Grasshopper’s Own Approach
Unique Lineage
Grasshopper was founded in 2006 by John Lin, a former pit trader on the SIMEX trading floor in Singapore, who initially recruited talented and driven graduates from the top universities in Singapore to trade the Japanese futures derivatives markets. In the early days we hired technologists from non-financial sectors such as computer gaming, defense, engineering and science, to build our trading technology from scratch in our own way.
Most of our competitors trace their roots to the original clique of proprietary trading firms in Chicago and Amsterdam. Talent is often poached from one firm to another and vice versa, resulting in a rather homogenous landscape of firms that have more in common than not. On the other hand, our unique lineage provides us with a unique understanding of the markets, giving rise to unique ideas and solutions.
Focusing on our Own Journey
While it is important to keep an open mind and learn from others, the Grasshopper team is well-aware of our strengths and weaknesses, and have crafted our own path towards success, instead of following blindly in the paths of others. For example, unlike many of our industry peers, Grasshopper has strategically decided against investing in microwave towers (to more rapidly transmit trading signals from one exchange to another), as this is a winner-takes-all game that favors those with the deepest pockets. Instead, we have invested in FPGAs to reduce our trading latency within an exchange, as this is more vital on Asian exchanges, which have so far avoided the fragmentation seen in the US and Europe.
Our overall strategy is to scout for trading niches (many of them neglected or overlooked), focus our resources to create an advantage, and then tactically capture them one at a time.
Asian Specialist
Over the years, we’ve seen many large global trading firms drawn into Asia in search of better returns, bringing along their existing trading models and technologies, originally developed for markets in the USA and Europe.

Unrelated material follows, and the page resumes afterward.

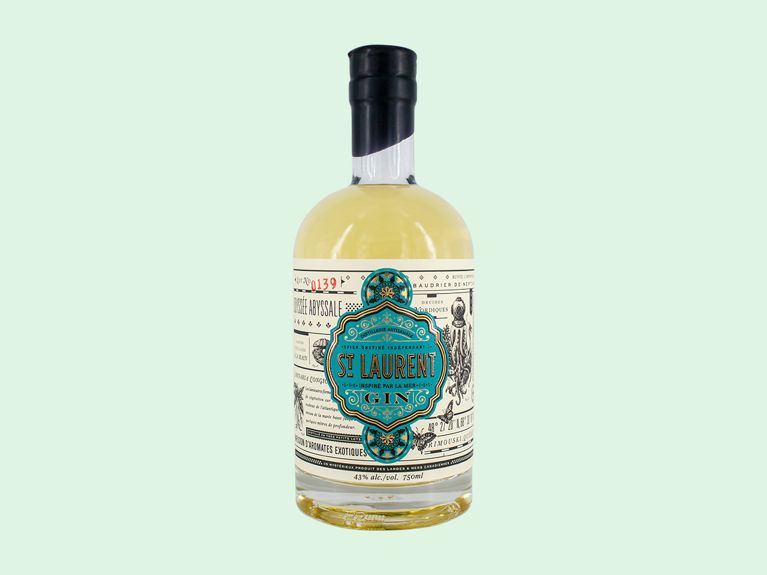 Kelp and Seaweed infused gins: St Laurent gin bottle on green background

They have had varied success. However, even the most successful have seen Asia represent just a small fraction of their overall trading revenues. They do not perform as well, proportionally, relative to an Asian specialist like Grasshopper.
The microstructures of Asian markets are very different from US and European markets. There is less fragmentation as most stocks only trade on single venues in Asia. In contrast, stocks in the USA and Europe typically trade on multiple exchanges and alternative trading venues. Fragmentation is advantageous to market-makers as it creates opportunities for arbitrage between different prices on different venues. Furthermore, markets are much less efficient and more opaque in Asia, which makes it harder to predict price movements, as there is less publicly available information. Lastly, it is not for the faint of heart to navigate around the difficult, rapidly changing and sometimes bewildering regulatory environment in Asia.
Grasshopper is an Asian trading specialist. We are born and bred in the challenging trading environments of Asia. We are designated market makers in Japan, Singapore, and on the CME, and contribute growing market share in Malaysia and Thailand. We are currently onboarding a new exchange, and expect to add at least three new markets in 2024. We work collaboratively with trusted local partners in each market to better navigate around the complexities of each market.